Saved entries
────────────────────────────────────────

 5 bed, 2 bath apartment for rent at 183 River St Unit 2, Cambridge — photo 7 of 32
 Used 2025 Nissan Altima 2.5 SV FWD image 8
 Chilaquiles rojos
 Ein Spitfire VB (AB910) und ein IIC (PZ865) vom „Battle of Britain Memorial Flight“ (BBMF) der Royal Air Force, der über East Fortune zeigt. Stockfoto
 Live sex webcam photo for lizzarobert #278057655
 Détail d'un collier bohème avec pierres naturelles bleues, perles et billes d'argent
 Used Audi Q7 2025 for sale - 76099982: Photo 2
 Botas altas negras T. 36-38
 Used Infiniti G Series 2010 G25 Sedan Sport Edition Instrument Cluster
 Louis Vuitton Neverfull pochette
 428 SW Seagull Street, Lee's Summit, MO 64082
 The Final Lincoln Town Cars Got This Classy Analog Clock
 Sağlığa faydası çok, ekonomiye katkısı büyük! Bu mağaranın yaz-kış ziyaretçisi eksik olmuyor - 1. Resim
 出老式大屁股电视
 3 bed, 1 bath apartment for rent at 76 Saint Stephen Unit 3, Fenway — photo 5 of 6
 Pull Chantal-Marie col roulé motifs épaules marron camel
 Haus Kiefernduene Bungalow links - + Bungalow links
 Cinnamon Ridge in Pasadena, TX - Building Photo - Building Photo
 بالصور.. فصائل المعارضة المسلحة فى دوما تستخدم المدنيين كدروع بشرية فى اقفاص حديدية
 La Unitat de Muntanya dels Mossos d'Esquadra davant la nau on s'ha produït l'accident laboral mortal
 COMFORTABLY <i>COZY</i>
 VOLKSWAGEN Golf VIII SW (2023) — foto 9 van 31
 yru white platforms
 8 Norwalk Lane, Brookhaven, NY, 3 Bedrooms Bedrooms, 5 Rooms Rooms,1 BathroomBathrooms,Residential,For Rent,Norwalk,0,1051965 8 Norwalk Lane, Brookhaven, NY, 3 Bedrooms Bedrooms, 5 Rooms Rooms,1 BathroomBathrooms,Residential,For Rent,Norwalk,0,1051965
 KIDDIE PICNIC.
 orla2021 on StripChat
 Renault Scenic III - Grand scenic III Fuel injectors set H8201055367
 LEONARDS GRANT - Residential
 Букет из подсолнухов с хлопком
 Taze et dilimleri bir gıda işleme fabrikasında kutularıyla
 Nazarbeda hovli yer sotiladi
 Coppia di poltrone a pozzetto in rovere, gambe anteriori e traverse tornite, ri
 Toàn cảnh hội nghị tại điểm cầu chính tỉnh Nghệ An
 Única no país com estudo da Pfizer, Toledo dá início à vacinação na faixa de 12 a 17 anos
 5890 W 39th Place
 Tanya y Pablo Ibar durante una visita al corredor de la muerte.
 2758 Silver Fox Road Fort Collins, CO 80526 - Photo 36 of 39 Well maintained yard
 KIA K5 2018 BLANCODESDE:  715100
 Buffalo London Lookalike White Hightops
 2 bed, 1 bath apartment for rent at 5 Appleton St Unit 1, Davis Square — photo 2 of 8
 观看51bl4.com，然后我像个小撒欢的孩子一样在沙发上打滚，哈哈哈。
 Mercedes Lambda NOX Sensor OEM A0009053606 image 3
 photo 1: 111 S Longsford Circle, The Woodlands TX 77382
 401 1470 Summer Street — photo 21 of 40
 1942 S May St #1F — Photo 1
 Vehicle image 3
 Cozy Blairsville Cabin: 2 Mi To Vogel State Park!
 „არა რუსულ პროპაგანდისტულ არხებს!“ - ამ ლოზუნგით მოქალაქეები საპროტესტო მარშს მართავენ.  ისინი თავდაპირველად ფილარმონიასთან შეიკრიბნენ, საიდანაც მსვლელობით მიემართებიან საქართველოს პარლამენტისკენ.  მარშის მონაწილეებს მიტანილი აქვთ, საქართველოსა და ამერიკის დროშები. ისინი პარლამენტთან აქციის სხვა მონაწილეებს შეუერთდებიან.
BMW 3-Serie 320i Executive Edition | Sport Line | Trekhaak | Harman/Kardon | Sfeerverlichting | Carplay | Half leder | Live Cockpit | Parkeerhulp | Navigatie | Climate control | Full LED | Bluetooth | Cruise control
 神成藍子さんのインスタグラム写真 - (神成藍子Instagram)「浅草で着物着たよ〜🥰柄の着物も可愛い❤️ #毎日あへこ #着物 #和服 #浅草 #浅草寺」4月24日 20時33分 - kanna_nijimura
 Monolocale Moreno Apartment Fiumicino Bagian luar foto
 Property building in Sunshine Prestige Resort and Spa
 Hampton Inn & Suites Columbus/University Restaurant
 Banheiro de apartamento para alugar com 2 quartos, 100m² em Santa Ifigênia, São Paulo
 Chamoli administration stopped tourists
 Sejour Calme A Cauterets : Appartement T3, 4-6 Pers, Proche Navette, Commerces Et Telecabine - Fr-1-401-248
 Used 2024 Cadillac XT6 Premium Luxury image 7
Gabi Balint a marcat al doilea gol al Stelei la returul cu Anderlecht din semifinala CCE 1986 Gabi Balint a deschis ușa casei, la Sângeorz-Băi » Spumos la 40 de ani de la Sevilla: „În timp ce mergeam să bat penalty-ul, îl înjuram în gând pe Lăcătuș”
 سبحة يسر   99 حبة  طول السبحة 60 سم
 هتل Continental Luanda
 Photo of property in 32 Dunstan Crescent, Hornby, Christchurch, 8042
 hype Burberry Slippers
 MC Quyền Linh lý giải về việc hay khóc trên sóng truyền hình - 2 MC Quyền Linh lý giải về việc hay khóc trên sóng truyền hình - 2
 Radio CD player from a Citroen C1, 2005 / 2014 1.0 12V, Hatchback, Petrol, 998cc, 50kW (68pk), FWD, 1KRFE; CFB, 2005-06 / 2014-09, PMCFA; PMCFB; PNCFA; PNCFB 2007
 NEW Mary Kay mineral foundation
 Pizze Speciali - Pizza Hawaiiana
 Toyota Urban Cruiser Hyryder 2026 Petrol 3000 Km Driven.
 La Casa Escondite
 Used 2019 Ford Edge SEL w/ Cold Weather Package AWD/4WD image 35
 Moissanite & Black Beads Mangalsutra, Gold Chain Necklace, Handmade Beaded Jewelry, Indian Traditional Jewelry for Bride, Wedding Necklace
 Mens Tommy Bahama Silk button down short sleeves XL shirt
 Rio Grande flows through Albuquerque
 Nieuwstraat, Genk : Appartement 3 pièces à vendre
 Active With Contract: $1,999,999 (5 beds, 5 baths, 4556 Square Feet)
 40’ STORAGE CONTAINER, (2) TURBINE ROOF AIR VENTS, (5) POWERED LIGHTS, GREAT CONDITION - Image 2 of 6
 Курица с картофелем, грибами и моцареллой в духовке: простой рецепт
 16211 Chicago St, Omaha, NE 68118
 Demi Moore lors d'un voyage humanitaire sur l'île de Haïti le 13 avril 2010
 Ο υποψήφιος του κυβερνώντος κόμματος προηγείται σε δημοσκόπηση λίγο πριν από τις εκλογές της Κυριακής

────────────────────────────────────────

The answer is the lines above between the line holding "Used Infiniti G" and the line holding "yru white platforms", inclusive, each written out exactly, and no others.

 Used Infiniti G Series 2010 G25 Sedan Sport Edition Instrument Cluster
 Louis Vuitton Neverfull pochette
 428 SW Seagull Street, Lee's Summit, MO 64082
 The Final Lincoln Town Cars Got This Classy Analog Clock
 Sağlığa faydası çok, ekonomiye katkısı büyük! Bu mağaranın yaz-kış ziyaretçisi eksik olmuyor - 1. Resim
 出老式大屁股电视
 3 bed, 1 bath apartment for rent at 76 Saint Stephen Unit 3, Fenway — photo 5 of 6
 Pull Chantal-Marie col roulé motifs épaules marron camel
 Haus Kiefernduene Bungalow links - + Bungalow links
 Cinnamon Ridge in Pasadena, TX - Building Photo - Building Photo
 بالصور.. فصائل المعارضة المسلحة فى دوما تستخدم المدنيين كدروع بشرية فى اقفاص حديدية
 La Unitat de Muntanya dels Mossos d'Esquadra davant la nau on s'ha produït l'accident laboral mortal
 COMFORTABLY <i>COZY</i>
 VOLKSWAGEN Golf VIII SW (2023) — foto 9 van 31
 yru white platforms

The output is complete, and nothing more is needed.